Rare et sublime effort de l'imaginative !

En voilà assez ; Dieu me garde de parler de la seconde partie du roman, ni d'une vieille tante qui meurt tout exprès à la fin de la pièce pour faire les révélations dont on a besoin ! Il suffira de dire qu'après tant d'aventures bizarres, une femme morte, deux de retrouvées, deux reconnaissances, trois déguisemens de noms, cinq récits, sept ou huit explications, etc., les choses se remettent en leur place, et qu'au moyen d'un double mariage, tout s'arrange pour le mieux.

Cependant tout le monde n'a pas été content : le public a sifflé impitoyablement ce fantôme de comédie, et je ne doute pas que l'auteur, M. Charles Maurice (car il s'est fait nommer), n'ait fort mal pris la chose. Il lui reste pourtant quelques motifs de consolation ; son premier acte promettait de la gaîté et du comique, et il y a fait preuve d'une sorte d'adresse dans la manière dont il a exposé son sujet. Son style a du naturel et quelquefois de la verve comique ;. c'est dommage qu'il soit négligé et souvent diffus, que ses soubrettes parlent latin, et qu'on y rencontre souvent des vers tels que ceux-ci :

Un projet de conduite, adroitement conçu,
Et qui, par l'examen d'un premier aperçu.

Du reste, point de peinture de mœurs ni de caractères dans cette pièce.
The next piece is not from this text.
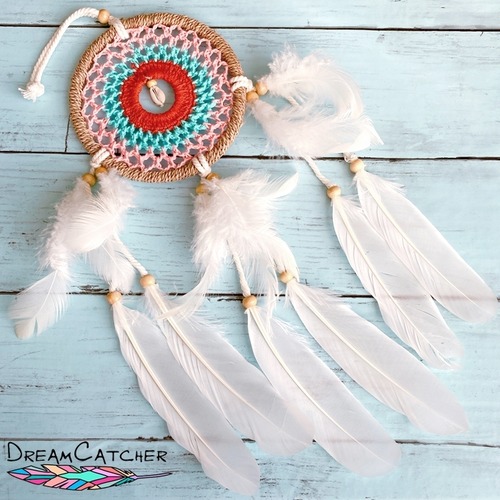 【バリ島直輸入】ネイティブ ドリームキャッチャー S (マルチ×センターシェル）フェザー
Mascarille, qui en est le héros, est un bavard qui se tourmente beaucoup et fait très-peu de chose ; c'est la Mouche du Coche. Quelle différence entre lui et le Mascarille de l'Étourdi ! Le public ne dira pas comme il le souhaite :

Vivat, Mascarillus, dignus imitator !

M. Charles Maurice, que l'on fait passer pour être jeune encore, quoiqu'il ait donné son premier ouvrage il y a environ neuf à dix ans, professe, dit-on, une grande admiration pour Molière et cherche à l'imiter : cette intention , quoique téméraire, est très-louable; mais nous devons lui rappeler ce précepte de son modèle :

Quand sur une personne on prétend se régler,
C'est par les beaux côtés qu'il faut lui ressembler ;

Et ce n'est certainement pas imiter Molière par les beaux côtés que de se parer des guenilles de Rotrou.                       J. L. M.

La Fiancée du roi de Garbe est une nouvelle du Décaméron de Boccace, la triste histoire d'une jeune fille dont le bateau a été pris dans une tempête, et qui subit le triste sort de sjeunes filles aux mains des marins.

D’après la base La Grange de la Comédie Française, la pièce de Charles Maurice, adaptant la Sœur de Rotrou, n’a connu qu’une représentation à la Comédie Française, le 24 avril 1812.